→ DATA FOR ANALYSIS:
* * * * * * *

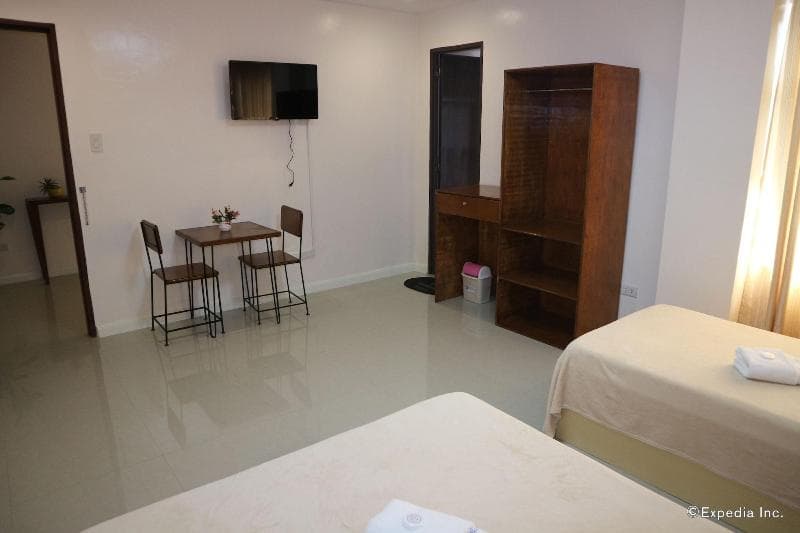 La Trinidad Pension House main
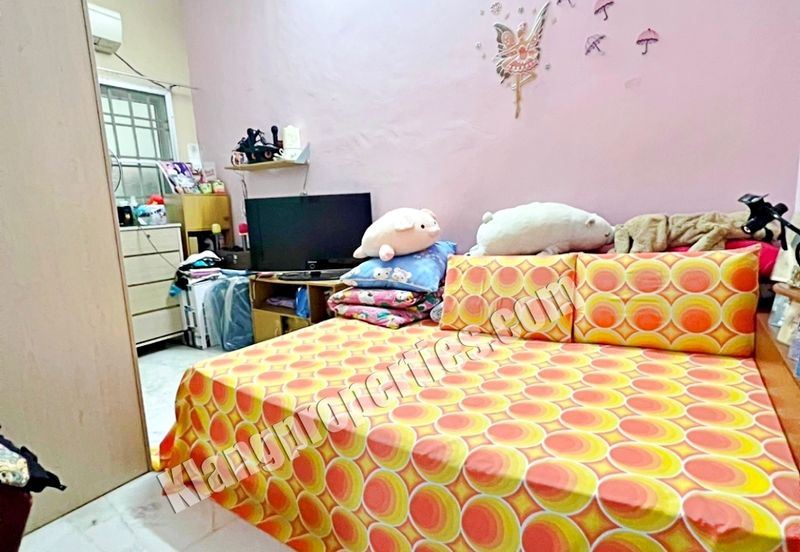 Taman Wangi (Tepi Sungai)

* * * * * * *

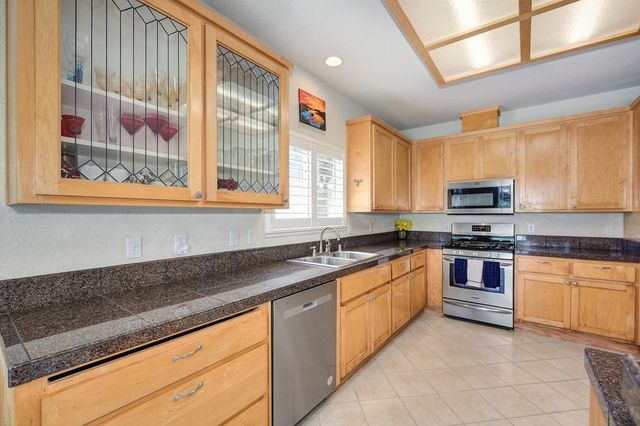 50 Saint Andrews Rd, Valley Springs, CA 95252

* * * * * * *

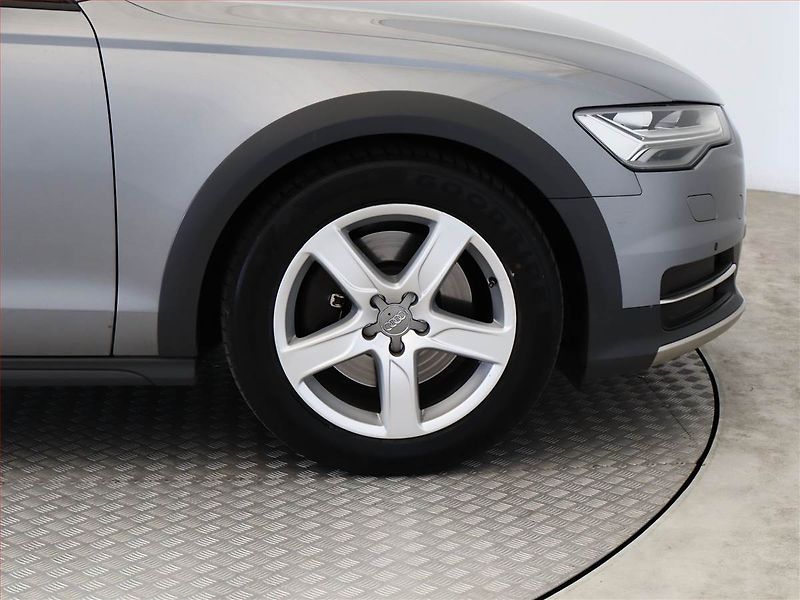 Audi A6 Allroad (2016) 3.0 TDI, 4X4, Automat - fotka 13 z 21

* * * * * * *

Starting with the line that has "La Trinidad Pension House main" and going on through the line that has "Taman Wangi (Tepi Sungai)", transcribe the records above exactly, but skip the pictures.

→ TASK RESULT:
 La Trinidad Pension House main
 Taman Wangi (Tepi Sungai)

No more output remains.